Titanfall offers two types of multiplayer; campaign and classic. Classic is just your standard multiplayer, while campaign takes a new route of attempting to add a narrative to your matches. It doesn’t really come off very well. The story itself was uninspired and I often found myself checking my stats or fiddling with loadouts during the pre-match lobby narrative. During matches was even worse as I was so focused on the match I could barely spare a thought for what people were saying. It was an interesting experiment but not one that really worked.
On the other hand we have classic multiplayer which offers a somewhat limited five gametypes including Attrition (Team Deathmatch), CTF, and Last Titan Standing. We are however offered fifteen maps which is a lot more than the eight or nine we normally get with a game. Each map is very distinctive both in play-style and art-style.

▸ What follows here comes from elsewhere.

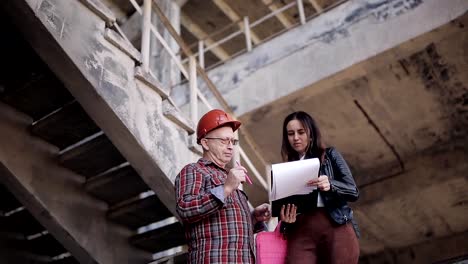 Ingeniero-de-mujer-hablando-con-un-capataz-en-la-obra,-para-resolver-los-problemas-organizacionales.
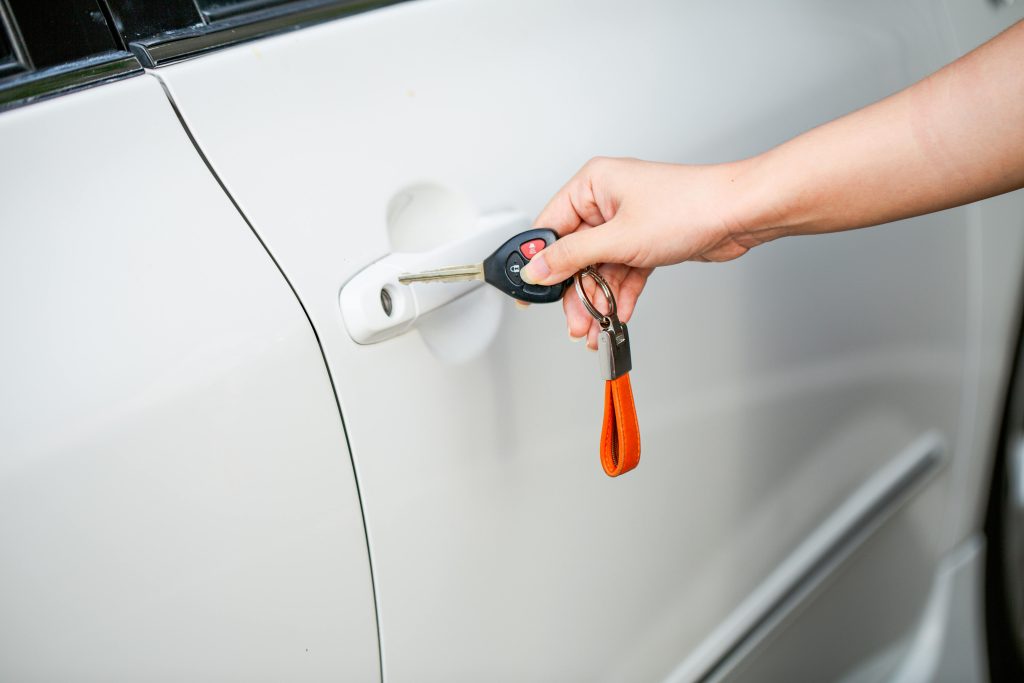 Hand holding car keys near a vehicle door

Certain maps are big and favour Titans with wide open spaces while others are very enclosed with lots of buildings and obstacle for Pilots. No two maps feel similar which is a great thing in what is essentially a military shooter.
You’d imagine with all of this it would be difficult to balance everything, especially with the contrast between the pilot’s nimbleness and the Titan’s power but it all just fits together so well. Everything has a counter, and that’s how it should be, nothing is all powerful in every situation. The difference between the pilots and Titans is also managed superbly. A Titan can trample or melee a pilot instantly if they’re not careful and the Titan’s weapons make short work of exposed players. Pilots on the other hand have anti-Titan weapons which cause reasonable damage to what are essentially giant robots. Pilots also have the ability to “rodeo” Titans. This is when a pilot jumps onto a Titan’s back, rips open a panel and let’s rip into the Titan’s wiring making relatively quick work of it. An unaware Titan can be easily caught out by a pilot leaping off a nearby rooftop, or a cloaked player sprinting through the dust and debris of battle.
The only complaints I can think of are minuscule compared to everything the game does so well. The AI grunts are maybe a little too stupid; they should really pose some threat in numbers but at the minute, they just don’t. I can easily run into a room with five grunts and melee all of them while barely taking any damage, and that’s not a testament to my skills by any means. My other complaint which is just as small is the lack of leader boards for friends stats. It’s nice to be able to compare with friends and people I know, to see how I stack up against them.
Titanfall is all about evolution rather than revolution. The increased mobility, Titans and AI grunts in each match, along with the burn cards and everything else, create what is a pulse-pounding, eye-bleedingly mental game that I hope we all enjoy for a long time to come. What Respawn has done here, on top of creating an absolutely fantastic game that I can’t praise enough, is hopefully show other developers what can happen if you’re not afraid to take a chance and change things. And lets face it, that’s a win for everybody.